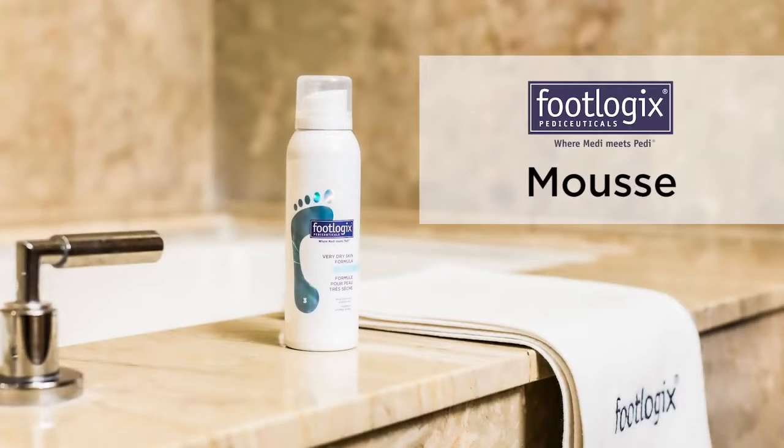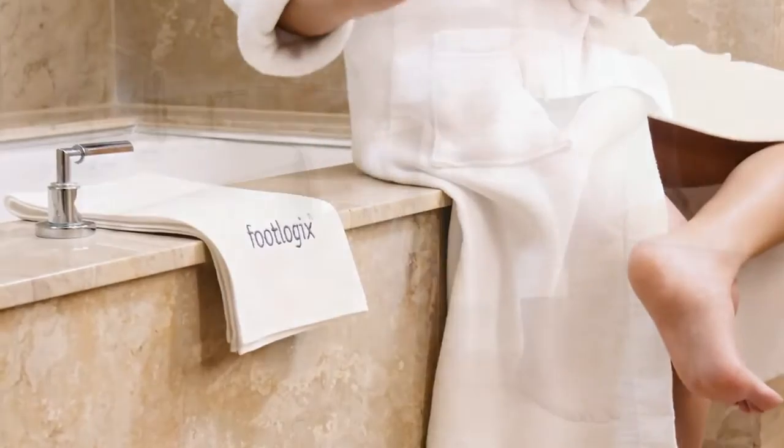How to use Footlogic's Mousse Formulas. Get transformational results for a variety of skin conditions of the feet with Footlogic's innovative mousse-based formulas.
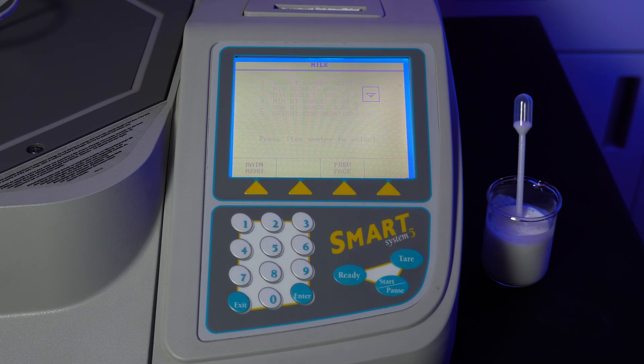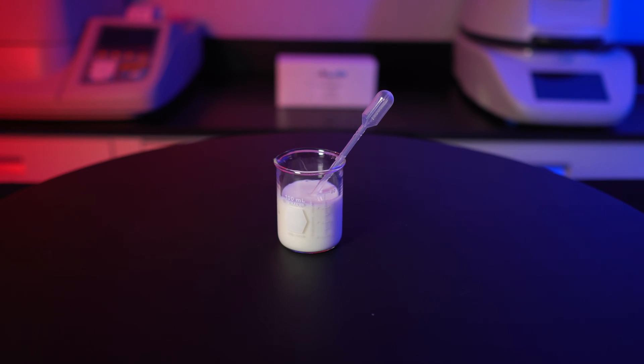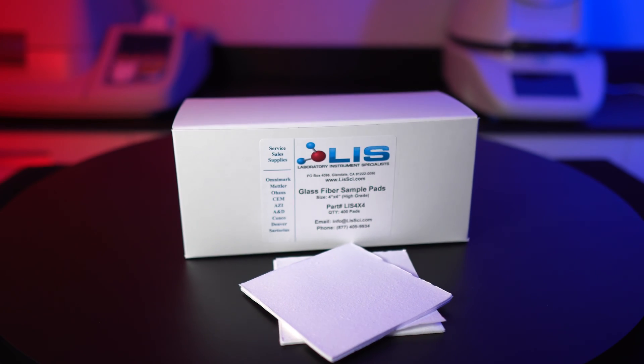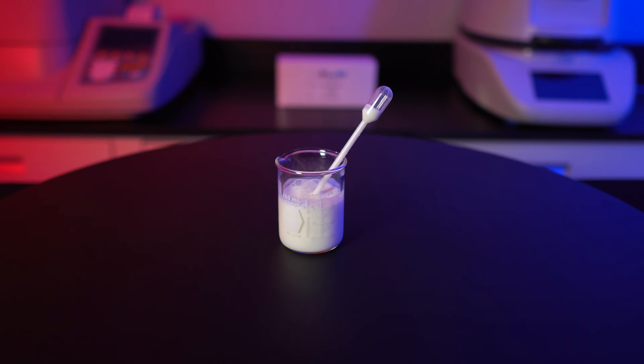That have higher temperatures when the final weight is calculated compared to the start of the test. Once done with the setting parameters, hit ready and the new method will be saved and testing can begin. For this test, we'll need our sample, 4x4 square LIS glass fiber sample pads, and a pipette to distribute the sample onto the sample pad.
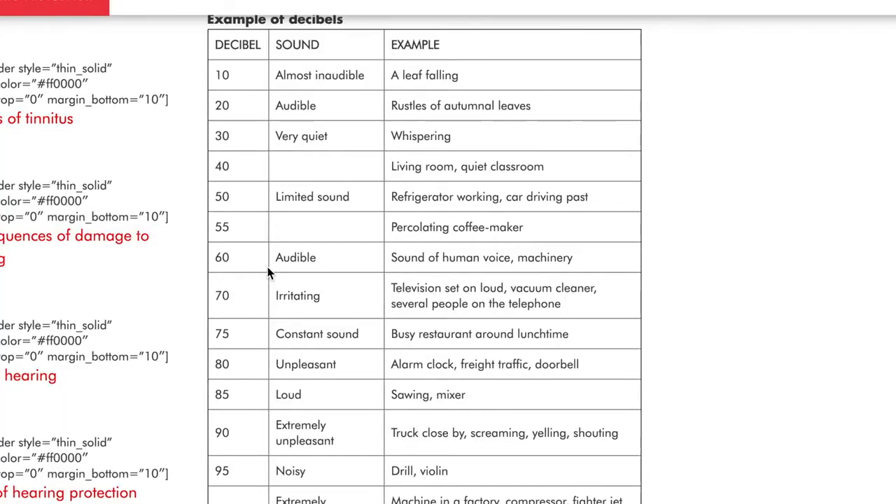I found this decibel chart on Google, and you can see that the sound of the human voice is around 60 decibels. So the electric violin is about a six decibel difference, putting us at about 66 decibels. Now you'll notice down here it actually has violin at 95 decibels — that's if you're playing a wooden violin with the sound box and the F holes, where the sound is projecting. A silent electric violin can actually be played at around normal human conversation level.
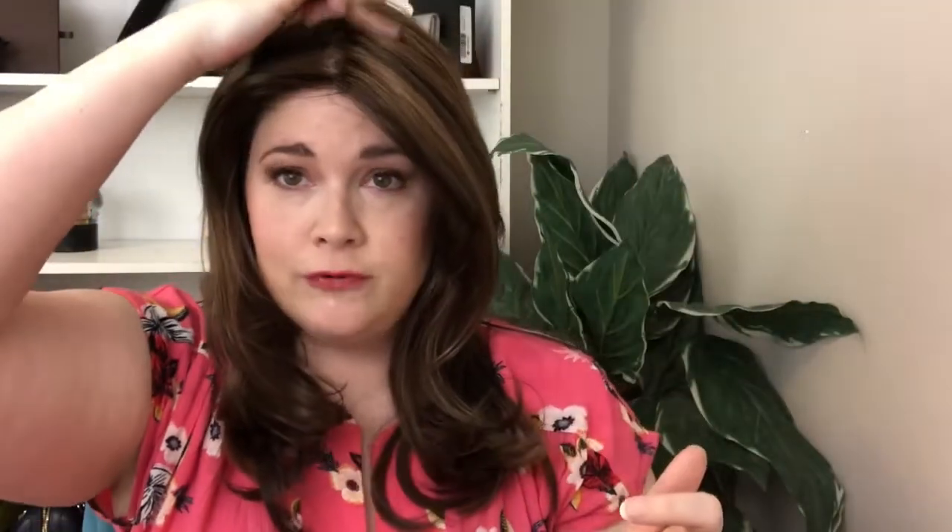As you can see, Bobby is a pretty long wig. I'll give you dimensions in just a few minutes. It is a medium part, and there is a full monofilament top, so it can be parted wherever. It did come like this with the center part in it, so you could part it anywhere.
● ● ● ● ●
→ **Exercise goal**:
The answer must be the full listing retyped exactly, with no pictures in it.

→ **Answer to this task**:
How to use Footlogic's Mousse Formulas. Get transformational results for a variety of skin conditions of the feet with Footlogic's innovative mousse-based formulas.
That have higher temperatures when the final weight is calculated compared to the start of the test. Once done with the setting parameters, hit ready and the new method will be saved and testing can begin. For this test, we'll need our sample, 4x4 square LIS glass fiber sample pads, and a pipette to distribute the sample onto the sample pad.
I found this decibel chart on Google, and you can see that the sound of the human voice is around 60 decibels. So the electric violin is about a six decibel difference, putting us at about 66 decibels. Now you'll notice down here it actually has violin at 95 decibels — that's if you're playing a wooden violin with the sound box and the F holes, where the sound is projecting. A silent electric violin can actually be played at around normal human conversation level.
As you can see, Bobby is a pretty long wig. I'll give you dimensions in just a few minutes. It is a medium part, and there is a full monofilament top, so it can be parted wherever. It did come like this with the center part in it, so you could part it anywhere.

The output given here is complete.